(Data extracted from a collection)
============
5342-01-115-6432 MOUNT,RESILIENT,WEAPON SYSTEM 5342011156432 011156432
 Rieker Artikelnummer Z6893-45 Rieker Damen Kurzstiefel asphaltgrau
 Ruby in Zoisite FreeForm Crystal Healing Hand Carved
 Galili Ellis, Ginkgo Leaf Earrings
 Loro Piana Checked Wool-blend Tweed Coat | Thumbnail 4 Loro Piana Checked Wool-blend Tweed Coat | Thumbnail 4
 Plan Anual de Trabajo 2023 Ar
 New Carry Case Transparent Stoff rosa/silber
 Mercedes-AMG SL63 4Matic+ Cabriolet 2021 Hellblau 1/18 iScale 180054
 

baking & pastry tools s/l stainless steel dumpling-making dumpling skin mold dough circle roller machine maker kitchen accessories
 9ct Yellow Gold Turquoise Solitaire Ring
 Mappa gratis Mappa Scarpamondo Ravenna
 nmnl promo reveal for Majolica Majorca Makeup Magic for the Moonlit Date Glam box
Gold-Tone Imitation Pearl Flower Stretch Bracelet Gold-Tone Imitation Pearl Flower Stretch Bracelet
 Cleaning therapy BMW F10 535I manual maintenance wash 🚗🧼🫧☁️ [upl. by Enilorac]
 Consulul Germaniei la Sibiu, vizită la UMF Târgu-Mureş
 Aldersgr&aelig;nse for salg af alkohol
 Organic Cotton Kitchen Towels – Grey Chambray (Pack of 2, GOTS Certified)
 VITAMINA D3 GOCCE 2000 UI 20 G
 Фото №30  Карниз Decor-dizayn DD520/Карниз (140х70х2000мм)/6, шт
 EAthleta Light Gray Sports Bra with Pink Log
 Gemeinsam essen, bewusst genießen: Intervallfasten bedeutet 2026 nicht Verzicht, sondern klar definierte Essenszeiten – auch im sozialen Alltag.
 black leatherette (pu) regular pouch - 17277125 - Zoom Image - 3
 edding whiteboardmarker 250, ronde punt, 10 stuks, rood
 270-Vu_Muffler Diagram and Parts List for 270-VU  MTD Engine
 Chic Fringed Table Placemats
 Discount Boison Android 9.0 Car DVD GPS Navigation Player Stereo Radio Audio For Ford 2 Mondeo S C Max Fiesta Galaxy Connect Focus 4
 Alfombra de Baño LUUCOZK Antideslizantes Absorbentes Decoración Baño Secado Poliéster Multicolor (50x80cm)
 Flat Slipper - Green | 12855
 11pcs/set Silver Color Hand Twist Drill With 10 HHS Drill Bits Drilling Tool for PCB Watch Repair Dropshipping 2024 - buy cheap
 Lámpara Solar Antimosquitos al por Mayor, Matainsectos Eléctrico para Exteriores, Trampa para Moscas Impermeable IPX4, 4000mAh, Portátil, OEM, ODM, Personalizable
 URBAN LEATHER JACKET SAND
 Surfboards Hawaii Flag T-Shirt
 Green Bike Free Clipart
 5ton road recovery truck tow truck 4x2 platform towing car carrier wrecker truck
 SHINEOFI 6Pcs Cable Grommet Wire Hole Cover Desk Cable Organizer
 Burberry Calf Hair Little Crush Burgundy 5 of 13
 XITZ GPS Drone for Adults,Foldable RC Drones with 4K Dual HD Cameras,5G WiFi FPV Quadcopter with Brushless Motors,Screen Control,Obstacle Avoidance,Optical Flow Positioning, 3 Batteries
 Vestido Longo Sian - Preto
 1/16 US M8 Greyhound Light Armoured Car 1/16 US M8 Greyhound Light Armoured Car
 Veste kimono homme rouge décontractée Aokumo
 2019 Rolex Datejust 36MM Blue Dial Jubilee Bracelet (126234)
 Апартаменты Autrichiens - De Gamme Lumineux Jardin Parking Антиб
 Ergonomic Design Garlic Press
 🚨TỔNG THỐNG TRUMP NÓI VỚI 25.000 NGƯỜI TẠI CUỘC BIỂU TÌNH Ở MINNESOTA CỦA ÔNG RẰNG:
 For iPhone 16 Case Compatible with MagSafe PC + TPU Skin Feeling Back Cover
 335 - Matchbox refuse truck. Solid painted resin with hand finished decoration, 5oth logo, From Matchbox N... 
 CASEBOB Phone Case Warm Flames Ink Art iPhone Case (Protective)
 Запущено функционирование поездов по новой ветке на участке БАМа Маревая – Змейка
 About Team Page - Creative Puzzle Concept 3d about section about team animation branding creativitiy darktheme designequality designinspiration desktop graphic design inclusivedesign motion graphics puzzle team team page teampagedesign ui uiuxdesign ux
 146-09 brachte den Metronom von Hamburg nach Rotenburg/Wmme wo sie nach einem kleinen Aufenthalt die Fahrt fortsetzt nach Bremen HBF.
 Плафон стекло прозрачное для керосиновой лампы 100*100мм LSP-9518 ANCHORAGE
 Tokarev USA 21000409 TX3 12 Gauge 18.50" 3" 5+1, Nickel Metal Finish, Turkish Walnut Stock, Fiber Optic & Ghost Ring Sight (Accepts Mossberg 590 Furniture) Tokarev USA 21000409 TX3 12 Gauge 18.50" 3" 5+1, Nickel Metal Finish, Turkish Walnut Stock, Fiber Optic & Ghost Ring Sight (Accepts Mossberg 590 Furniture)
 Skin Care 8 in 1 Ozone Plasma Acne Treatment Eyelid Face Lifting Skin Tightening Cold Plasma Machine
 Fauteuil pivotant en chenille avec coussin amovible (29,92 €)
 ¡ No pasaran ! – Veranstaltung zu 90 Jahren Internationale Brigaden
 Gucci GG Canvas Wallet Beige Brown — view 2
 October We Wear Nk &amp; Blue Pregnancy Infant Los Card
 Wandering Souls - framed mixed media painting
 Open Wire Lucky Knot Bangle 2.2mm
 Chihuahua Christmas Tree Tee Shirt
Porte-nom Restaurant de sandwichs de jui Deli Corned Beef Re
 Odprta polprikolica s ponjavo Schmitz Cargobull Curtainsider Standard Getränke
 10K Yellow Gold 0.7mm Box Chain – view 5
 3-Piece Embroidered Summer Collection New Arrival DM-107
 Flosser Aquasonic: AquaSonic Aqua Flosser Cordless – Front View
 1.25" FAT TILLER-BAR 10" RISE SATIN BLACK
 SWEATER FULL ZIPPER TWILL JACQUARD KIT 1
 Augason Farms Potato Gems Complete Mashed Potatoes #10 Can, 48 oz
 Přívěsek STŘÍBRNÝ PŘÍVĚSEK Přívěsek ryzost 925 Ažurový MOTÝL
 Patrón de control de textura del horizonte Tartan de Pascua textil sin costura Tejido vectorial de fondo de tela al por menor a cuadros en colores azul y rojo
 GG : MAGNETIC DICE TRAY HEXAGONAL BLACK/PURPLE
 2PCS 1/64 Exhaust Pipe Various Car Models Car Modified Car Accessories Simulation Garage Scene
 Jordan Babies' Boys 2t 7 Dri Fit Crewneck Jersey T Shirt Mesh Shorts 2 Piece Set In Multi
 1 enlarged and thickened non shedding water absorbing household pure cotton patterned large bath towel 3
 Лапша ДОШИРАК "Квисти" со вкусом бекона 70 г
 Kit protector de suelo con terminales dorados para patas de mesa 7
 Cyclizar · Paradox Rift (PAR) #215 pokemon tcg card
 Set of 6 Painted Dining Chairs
============
Task
Return exactly the lines from the beginning of the data above through the one containing "Consulul Germaniei la", please. Include both end lines and add nothing else.

Exercise output
5342-01-115-6432 MOUNT,RESILIENT,WEAPON SYSTEM 5342011156432 011156432
 Rieker Artikelnummer Z6893-45 Rieker Damen Kurzstiefel asphaltgrau
 Ruby in Zoisite FreeForm Crystal Healing Hand Carved
 Galili Ellis, Ginkgo Leaf Earrings
 Loro Piana Checked Wool-blend Tweed Coat | Thumbnail 4 Loro Piana Checked Wool-blend Tweed Coat | Thumbnail 4
 Plan Anual de Trabajo 2023 Ar
 New Carry Case Transparent Stoff rosa/silber
 Mercedes-AMG SL63 4Matic+ Cabriolet 2021 Hellblau 1/18 iScale 180054
 

baking & pastry tools s/l stainless steel dumpling-making dumpling skin mold dough circle roller machine maker kitchen accessories
 9ct Yellow Gold Turquoise Solitaire Ring
 Mappa gratis Mappa Scarpamondo Ravenna
 nmnl promo reveal for Majolica Majorca Makeup Magic for the Moonlit Date Glam box
Gold-Tone Imitation Pearl Flower Stretch Bracelet Gold-Tone Imitation Pearl Flower Stretch Bracelet
 Cleaning therapy BMW F10 535I manual maintenance wash 🚗🧼🫧☁️ [upl. by Enilorac]
 Consulul Germaniei la Sibiu, vizită la UMF Târgu-Mureş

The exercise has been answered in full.